In some way, I agree with the quote:

When I was 4, I turned my living room into a pachinko-style marble game.
When I was 8, I made a game in day care where players ran around a track. Think Monopoly.
When I was 12, I turned a moving box into a two-level dungeon crawl.
When I was 16, I took a trip to DigiPen in Seattle and decided that I did NOT want to be a videogame designer, laying to rest about 8 years of hypothetical contemplation on the world's greatest next Mario game/Fighting game/Stealth action game/RPG. I started creating sports (this included joining my college's rugby team, if you can believe it and I also play australian football competitively now).

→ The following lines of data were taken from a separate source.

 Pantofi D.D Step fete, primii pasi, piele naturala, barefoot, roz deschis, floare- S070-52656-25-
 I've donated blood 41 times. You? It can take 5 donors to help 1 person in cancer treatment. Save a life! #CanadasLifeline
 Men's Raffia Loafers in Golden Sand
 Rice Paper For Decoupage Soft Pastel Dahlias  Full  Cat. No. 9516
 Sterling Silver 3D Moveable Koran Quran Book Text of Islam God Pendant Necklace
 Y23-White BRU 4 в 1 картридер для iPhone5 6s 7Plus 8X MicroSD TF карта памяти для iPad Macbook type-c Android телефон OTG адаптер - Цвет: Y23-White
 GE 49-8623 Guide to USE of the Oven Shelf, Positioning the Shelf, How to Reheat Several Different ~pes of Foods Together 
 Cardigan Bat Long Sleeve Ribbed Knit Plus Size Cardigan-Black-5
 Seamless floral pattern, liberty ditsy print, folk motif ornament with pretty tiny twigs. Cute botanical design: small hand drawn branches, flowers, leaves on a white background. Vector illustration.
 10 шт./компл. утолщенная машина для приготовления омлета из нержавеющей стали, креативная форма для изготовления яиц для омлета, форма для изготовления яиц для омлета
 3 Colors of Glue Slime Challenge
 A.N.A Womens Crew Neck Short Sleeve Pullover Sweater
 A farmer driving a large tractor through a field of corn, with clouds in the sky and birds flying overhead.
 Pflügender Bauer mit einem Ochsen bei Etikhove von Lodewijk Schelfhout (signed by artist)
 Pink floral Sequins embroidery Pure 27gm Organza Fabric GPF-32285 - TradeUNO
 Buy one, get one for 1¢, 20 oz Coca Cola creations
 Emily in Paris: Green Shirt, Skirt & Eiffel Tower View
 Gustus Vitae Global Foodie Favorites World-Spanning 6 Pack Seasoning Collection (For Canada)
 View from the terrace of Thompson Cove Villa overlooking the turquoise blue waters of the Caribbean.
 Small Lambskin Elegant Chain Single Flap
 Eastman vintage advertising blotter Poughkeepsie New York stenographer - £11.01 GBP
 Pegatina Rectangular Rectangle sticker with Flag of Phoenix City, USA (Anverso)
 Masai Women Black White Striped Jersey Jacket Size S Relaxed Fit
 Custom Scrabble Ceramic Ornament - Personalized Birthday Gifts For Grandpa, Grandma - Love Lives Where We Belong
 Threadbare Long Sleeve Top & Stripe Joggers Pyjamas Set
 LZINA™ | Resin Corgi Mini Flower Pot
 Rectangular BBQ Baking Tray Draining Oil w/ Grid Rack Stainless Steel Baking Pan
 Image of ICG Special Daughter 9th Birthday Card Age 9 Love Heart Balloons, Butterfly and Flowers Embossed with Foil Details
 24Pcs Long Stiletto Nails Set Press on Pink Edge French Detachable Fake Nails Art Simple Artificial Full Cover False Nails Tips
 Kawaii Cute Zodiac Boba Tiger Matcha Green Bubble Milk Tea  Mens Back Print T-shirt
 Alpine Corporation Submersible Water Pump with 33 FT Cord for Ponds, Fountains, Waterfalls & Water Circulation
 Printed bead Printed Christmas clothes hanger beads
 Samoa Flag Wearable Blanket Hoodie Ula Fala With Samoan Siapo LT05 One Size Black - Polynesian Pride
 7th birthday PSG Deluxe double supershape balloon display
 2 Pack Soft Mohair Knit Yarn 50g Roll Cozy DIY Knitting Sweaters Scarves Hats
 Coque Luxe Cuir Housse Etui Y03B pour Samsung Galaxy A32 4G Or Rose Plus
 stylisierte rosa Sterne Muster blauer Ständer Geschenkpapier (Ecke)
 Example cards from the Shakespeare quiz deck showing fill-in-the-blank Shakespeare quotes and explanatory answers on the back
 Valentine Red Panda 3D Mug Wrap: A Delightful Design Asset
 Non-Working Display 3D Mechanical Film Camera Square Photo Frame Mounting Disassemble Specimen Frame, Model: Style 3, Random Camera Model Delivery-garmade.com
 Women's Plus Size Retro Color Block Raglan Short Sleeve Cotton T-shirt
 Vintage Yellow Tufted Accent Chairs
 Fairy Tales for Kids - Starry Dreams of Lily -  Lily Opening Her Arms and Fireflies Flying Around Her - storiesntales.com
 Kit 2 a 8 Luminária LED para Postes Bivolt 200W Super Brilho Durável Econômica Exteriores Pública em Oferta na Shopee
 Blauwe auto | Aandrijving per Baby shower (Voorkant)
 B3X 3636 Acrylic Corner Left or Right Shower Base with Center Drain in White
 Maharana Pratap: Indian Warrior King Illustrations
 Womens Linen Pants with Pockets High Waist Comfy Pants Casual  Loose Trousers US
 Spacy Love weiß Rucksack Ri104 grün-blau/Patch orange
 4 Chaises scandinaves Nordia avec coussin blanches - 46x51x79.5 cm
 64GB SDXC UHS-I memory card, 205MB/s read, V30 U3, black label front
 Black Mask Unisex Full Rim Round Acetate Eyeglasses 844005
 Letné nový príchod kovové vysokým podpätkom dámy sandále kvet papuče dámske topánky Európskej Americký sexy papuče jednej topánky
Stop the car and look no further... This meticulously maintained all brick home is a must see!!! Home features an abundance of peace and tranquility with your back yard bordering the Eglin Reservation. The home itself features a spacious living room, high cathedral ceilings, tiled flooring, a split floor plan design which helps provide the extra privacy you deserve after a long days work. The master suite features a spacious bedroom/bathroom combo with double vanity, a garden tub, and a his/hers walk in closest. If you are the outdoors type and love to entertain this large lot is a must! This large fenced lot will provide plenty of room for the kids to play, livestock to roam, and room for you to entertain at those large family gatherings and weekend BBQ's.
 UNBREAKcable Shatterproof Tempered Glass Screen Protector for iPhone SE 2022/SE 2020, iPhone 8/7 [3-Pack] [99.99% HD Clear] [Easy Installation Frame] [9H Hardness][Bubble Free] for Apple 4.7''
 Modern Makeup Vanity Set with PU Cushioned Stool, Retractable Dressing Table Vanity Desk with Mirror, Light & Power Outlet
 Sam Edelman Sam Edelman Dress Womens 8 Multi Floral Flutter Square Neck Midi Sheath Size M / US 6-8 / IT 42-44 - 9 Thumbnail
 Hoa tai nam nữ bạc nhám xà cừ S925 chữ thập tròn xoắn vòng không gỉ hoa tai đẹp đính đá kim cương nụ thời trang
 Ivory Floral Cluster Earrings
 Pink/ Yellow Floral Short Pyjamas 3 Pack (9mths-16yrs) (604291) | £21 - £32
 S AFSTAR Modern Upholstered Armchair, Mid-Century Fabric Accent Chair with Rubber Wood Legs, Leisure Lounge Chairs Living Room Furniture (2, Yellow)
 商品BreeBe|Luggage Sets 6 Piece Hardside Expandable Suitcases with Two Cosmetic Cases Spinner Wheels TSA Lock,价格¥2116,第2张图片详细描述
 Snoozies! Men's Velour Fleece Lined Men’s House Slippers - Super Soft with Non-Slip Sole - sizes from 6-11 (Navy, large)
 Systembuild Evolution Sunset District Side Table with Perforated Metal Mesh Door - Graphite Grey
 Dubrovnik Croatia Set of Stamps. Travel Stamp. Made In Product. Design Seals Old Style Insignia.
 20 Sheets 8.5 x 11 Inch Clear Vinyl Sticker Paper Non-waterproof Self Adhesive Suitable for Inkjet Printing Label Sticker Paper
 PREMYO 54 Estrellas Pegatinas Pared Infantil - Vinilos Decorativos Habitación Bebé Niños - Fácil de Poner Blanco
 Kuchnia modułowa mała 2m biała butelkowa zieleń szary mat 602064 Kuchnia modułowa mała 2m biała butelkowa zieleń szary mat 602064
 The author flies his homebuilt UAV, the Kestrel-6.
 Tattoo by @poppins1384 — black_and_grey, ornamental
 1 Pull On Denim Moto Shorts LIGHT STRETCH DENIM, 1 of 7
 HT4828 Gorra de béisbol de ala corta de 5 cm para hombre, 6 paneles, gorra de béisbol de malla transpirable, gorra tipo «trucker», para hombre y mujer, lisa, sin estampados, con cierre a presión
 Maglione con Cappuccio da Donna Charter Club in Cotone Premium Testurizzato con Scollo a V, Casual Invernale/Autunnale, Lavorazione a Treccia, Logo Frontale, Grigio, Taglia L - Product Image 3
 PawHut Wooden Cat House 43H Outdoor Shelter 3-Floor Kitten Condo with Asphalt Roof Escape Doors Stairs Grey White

I made a new friend when I was 19 and we had three very viable games (two of them sports) by the time I was 21. Since then I have posted two not-so-great perfect information games on iggamecenter.com, and we continue to make games with a soccer ball and a wall whenever we find a new element.

I'm 23 now, and returning to the board game design vein (I still want to make the "next great field sport"). I'm just saying, I feel like I got my 10 sucky games out of the way early...and I still have sucky ideas.

You will get better over time. The moral of the quote is probably not to waste time thinking that one idea is going to be the lynchpin - hell, I think Knizia thinks of a different game to publish every week or so, and Teuber only ever hit the jackpot once (considering the multiple SdJ's, that's pretty nuts). Basically, if you want to design games, you have to design gameS.